● **DIRECTIONS**
The listing below holds a line with "Bowl - Tikka" and a line with "Fototapeta na wymiar". Reproduce those two lines exactly, plus everything between them.

++++

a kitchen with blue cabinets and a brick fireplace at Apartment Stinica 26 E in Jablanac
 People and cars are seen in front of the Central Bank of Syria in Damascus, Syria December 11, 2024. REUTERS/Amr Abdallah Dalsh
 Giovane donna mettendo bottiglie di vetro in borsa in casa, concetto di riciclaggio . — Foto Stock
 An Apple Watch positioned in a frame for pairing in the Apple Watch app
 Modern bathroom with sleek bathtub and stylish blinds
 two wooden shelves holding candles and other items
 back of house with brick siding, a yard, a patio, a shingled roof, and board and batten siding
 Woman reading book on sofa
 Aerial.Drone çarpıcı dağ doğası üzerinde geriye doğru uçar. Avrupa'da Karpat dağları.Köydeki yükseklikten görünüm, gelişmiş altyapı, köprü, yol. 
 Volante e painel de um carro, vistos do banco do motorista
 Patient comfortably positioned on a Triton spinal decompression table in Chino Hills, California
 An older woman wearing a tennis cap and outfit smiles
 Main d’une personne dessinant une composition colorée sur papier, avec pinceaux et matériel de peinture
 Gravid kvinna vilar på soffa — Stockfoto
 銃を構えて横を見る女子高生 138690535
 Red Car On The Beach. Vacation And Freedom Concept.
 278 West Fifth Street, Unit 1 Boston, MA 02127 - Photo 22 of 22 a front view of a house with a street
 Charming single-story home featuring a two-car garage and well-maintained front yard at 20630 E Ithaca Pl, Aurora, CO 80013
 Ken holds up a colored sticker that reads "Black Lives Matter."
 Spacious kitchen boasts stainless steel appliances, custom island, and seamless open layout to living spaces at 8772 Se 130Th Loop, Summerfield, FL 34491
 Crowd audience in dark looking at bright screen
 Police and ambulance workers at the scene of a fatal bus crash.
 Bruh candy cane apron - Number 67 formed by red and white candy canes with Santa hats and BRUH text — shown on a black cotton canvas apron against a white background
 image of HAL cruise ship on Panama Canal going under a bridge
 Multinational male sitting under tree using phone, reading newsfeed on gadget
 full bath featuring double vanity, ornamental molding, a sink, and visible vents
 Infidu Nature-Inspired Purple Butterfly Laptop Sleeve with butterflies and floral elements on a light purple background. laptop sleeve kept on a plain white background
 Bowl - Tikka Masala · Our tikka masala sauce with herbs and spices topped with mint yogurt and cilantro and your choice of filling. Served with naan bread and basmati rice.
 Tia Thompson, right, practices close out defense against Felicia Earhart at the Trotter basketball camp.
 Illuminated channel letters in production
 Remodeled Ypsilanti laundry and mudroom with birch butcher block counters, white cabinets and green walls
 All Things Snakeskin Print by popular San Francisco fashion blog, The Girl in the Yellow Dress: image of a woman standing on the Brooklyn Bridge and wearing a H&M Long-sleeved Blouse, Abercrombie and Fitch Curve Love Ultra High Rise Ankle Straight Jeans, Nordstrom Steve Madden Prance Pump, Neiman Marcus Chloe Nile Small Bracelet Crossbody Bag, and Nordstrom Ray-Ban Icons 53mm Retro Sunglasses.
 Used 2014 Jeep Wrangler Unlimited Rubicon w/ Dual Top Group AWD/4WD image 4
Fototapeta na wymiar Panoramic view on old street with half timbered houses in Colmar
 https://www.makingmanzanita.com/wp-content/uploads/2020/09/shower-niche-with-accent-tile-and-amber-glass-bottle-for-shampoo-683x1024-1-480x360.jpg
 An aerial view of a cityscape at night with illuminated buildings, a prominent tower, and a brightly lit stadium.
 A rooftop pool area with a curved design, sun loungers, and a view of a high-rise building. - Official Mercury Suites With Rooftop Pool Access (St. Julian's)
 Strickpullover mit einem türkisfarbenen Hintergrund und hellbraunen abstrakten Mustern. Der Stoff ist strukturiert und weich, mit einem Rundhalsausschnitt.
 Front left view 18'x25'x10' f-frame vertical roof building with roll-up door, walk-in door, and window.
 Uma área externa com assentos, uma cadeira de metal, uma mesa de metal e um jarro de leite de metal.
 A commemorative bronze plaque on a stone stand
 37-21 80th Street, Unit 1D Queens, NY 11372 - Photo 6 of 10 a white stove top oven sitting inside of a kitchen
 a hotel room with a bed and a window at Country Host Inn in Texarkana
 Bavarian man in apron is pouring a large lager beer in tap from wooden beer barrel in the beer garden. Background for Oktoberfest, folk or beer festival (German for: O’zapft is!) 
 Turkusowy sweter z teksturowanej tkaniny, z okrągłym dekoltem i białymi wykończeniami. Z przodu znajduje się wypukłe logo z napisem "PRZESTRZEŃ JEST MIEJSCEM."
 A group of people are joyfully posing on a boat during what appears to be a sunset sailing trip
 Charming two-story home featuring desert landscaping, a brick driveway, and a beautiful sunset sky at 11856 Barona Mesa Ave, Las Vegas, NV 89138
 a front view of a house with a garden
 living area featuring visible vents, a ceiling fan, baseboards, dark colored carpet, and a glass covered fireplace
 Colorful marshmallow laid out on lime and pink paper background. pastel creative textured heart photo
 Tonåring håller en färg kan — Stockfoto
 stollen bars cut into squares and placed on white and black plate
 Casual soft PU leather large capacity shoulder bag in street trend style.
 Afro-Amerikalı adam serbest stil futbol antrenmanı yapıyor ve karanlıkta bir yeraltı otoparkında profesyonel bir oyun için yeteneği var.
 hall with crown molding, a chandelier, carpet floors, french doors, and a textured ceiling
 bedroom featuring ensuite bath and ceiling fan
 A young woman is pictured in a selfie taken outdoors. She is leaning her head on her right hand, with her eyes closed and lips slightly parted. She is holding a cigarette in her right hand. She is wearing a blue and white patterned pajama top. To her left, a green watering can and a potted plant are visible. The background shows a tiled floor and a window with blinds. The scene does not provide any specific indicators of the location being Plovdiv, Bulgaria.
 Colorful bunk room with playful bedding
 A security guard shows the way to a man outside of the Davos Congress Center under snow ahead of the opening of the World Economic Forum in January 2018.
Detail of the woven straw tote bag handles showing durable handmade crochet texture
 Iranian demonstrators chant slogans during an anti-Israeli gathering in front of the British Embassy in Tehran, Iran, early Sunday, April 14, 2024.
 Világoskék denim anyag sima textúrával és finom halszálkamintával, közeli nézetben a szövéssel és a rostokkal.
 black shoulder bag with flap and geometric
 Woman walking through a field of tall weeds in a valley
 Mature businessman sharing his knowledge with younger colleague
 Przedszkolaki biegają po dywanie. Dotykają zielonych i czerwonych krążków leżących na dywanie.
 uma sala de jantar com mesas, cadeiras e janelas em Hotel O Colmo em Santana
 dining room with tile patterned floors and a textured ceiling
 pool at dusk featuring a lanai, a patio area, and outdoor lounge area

++++

● **SOLVED EXERCISE**
 Bowl - Tikka Masala · Our tikka masala sauce with herbs and spices topped with mint yogurt and cilantro and your choice of filling. Served with naan bread and basmati rice.
 Tia Thompson, right, practices close out defense against Felicia Earhart at the Trotter basketball camp.
 Illuminated channel letters in production
 Remodeled Ypsilanti laundry and mudroom with birch butcher block counters, white cabinets and green walls
 All Things Snakeskin Print by popular San Francisco fashion blog, The Girl in the Yellow Dress: image of a woman standing on the Brooklyn Bridge and wearing a H&M Long-sleeved Blouse, Abercrombie and Fitch Curve Love Ultra High Rise Ankle Straight Jeans, Nordstrom Steve Madden Prance Pump, Neiman Marcus Chloe Nile Small Bracelet Crossbody Bag, and Nordstrom Ray-Ban Icons 53mm Retro Sunglasses.
 Used 2014 Jeep Wrangler Unlimited Rubicon w/ Dual Top Group AWD/4WD image 4
Fototapeta na wymiar Panoramic view on old street with half timbered houses in Colmar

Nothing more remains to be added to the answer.